È qui che la prima strada della transizione si potrebbe dividere: chi vive un presente piacevole nelle aree a clima temperato (le ottobrate romane, il clima del bel Paese, ecc.), dovrebbe essere sollecitato alla mitigazione dei processi di cambiamento. Al contrario un londinese che fino ad oggi ha vissuto nell’invidia per il bel clima mediterraneo, venderebbe volentieri l’ombrello per comprarsi un bel “panama”. Chi oggi dal mar Baltico viene nel Mediterraneo per la stagione balneare, sarebbe ben contento di avere sotto casa un piacevole mare temperato e davanti i Paesi Scandinavi.

Ricordiamocelo bene: i processi accelerati riguardano il presente con gli attuali assetti colturali, umani e paesaggistici. Delle due l’una: o, nelle aree oggi climaticamente privilegiate, si cambia il modo di produrre energia, oppure si accettano i cambiamenti delle attuali zone climatiche con le relative conseguenze sui nuovi assetti distributivi della flora, della fauna, dei paesaggi ecc. Cambiando il clima, cambia l’agricoltura ma cambiano anche i luoghi di vacanza, i luoghi temperati ecc.

Gli attuali cambiamenti indotti, essendo ‘celeri’ (anche per le accelerazioni derivate dalla natura che reagisce con veemenza nella ricerca dei suoi equilibri), implicano scelte che configureranno il nostro mondo nell’immediato.

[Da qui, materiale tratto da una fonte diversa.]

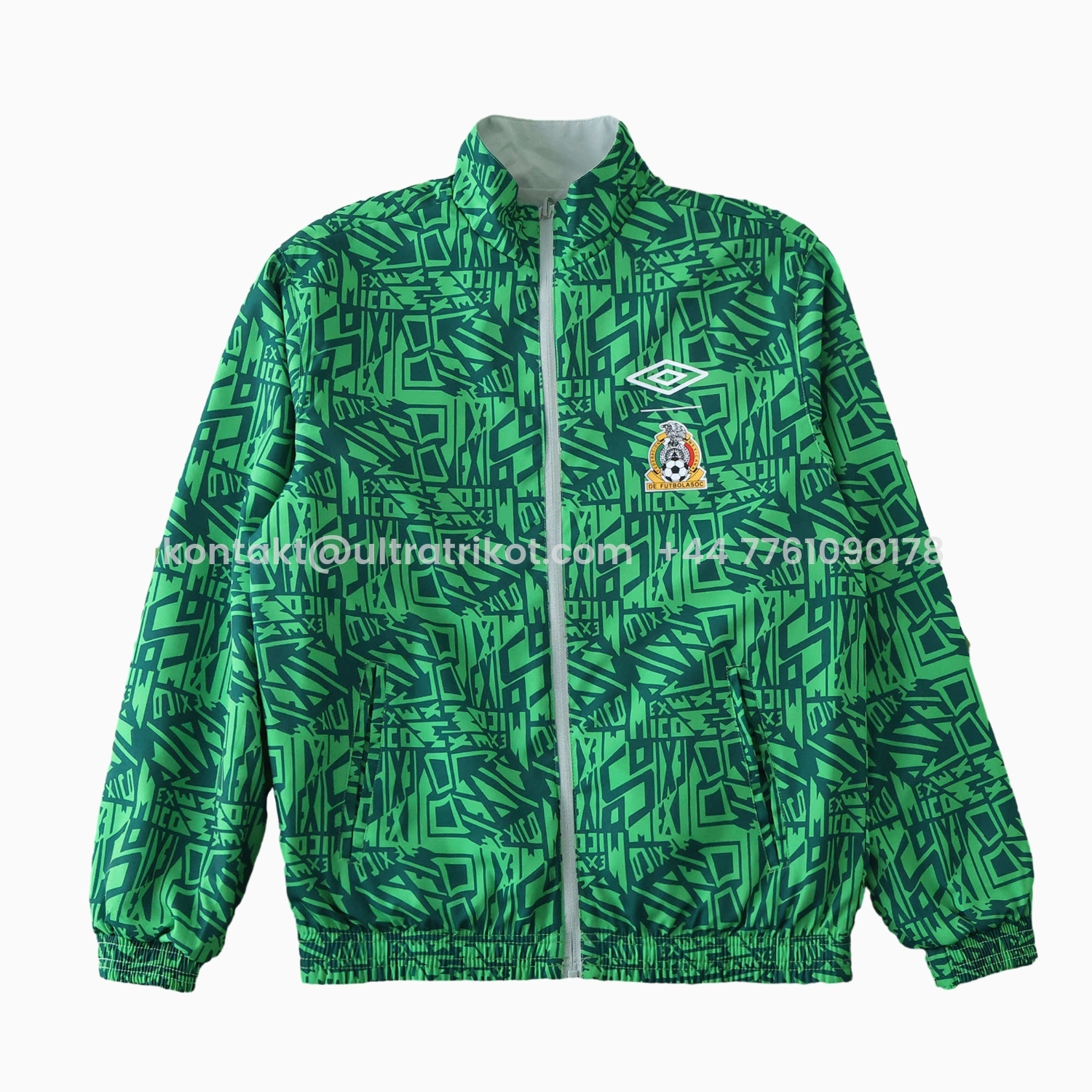 UltraTrikot-Retro Mexico 1994 Retro Style Double Sided Reversible Windbreaker - Green & Grey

La transizione deve essere programmata nella valutazione e nel rispetto delle necessità, delle possibilità, delle convenienze sostenibili e reciproche.

I cambiamenti riguardano il presente, riguardano noi, le nostre abitudini, il benessere a cui dovremmo rinunciare o quello che dovremmo acquisire.

Oggi noi cittadini dei Paesi (ex?) temperati abbiamo troppo caldo in estate, e d’inverno iniziamo la stagione sciistica (e spesso la continuiamo) solo sugli innevamenti artificiali. I “futuri”, di cui sempre ci preoccupiamo, non sono quelli delle ere geologiche, ma sono i nati in questo secolo, nella nostra visione storica-generazionale.

Facciamo chiarezza: con il termine futuri ci preoccupiamo del nostro presente e di quello leggermente “dilatato”.

La questione è questa: se vogliamo mantenere per noi il mondo così come lo abbiamo conosciuto, con gli ulivi, le vigne, i ghiacciai, il mare e le sue zone di pesca e di balneazione dove e come sono, ma anche le nostre abitudini e attitudini alle stagioni e ai trend climatici, allora dobbiamo cambiare il modo di produrre energia e gli attuali paradigmi dello sviluppo.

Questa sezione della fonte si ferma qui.